=== DATA EXCERPTS ===
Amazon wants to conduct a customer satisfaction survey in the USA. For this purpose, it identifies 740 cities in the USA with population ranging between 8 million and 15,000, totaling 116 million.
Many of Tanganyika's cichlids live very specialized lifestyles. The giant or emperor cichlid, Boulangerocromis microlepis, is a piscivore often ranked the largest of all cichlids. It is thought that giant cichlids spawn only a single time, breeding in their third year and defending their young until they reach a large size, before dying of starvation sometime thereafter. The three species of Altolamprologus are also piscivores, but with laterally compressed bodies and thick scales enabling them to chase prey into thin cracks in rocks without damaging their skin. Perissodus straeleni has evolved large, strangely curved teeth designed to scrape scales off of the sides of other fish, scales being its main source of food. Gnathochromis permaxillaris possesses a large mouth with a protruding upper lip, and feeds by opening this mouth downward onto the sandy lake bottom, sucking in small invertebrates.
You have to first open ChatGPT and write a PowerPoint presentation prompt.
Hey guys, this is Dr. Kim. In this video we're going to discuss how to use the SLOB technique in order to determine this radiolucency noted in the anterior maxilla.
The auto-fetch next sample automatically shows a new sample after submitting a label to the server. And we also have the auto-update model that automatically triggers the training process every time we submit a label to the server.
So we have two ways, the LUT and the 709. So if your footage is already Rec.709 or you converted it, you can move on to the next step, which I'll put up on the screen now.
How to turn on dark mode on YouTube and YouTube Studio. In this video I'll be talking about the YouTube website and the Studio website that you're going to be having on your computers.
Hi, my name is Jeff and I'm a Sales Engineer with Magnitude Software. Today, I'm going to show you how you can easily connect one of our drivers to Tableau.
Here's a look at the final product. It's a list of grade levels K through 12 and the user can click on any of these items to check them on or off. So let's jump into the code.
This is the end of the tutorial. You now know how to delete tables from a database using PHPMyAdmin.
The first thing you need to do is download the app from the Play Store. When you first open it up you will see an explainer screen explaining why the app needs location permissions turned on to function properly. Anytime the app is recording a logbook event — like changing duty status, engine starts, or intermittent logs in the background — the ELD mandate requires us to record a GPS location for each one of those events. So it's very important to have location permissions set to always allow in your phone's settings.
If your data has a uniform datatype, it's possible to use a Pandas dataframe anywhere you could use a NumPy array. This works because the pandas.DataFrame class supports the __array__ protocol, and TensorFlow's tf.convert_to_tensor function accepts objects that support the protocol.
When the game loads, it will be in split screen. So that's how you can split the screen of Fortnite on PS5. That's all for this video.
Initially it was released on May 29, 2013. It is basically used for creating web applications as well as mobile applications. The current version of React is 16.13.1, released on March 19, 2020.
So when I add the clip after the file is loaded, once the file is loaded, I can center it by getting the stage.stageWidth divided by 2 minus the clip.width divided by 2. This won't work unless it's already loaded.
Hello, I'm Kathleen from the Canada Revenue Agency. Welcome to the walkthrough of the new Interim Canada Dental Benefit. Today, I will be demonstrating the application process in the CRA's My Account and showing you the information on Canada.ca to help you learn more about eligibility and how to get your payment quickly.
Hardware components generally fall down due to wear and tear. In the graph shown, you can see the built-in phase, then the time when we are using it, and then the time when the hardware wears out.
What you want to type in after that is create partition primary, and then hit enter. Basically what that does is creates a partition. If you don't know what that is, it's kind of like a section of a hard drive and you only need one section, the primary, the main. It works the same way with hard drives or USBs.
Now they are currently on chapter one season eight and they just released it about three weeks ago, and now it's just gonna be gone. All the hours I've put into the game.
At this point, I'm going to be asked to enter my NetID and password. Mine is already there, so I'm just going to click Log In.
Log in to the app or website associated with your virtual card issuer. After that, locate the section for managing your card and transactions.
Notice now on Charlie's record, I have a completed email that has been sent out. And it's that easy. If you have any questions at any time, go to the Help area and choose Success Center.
===
WHAT THIS TASK INVOLVES: Once you find the line with "Hey guys, this" in the entries above, output it and each line after it up to and including the line with "How to turn", and nothing else.

SOLUTION BELOW:
Hey guys, this is Dr. Kim. In this video we're going to discuss how to use the SLOB technique in order to determine this radiolucency noted in the anterior maxilla.
The auto-fetch next sample automatically shows a new sample after submitting a label to the server. And we also have the auto-update model that automatically triggers the training process every time we submit a label to the server.
So we have two ways, the LUT and the 709. So if your footage is already Rec.709 or you converted it, you can move on to the next step, which I'll put up on the screen now.
How to turn on dark mode on YouTube and YouTube Studio. In this video I'll be talking about the YouTube website and the Studio website that you're going to be having on your computers.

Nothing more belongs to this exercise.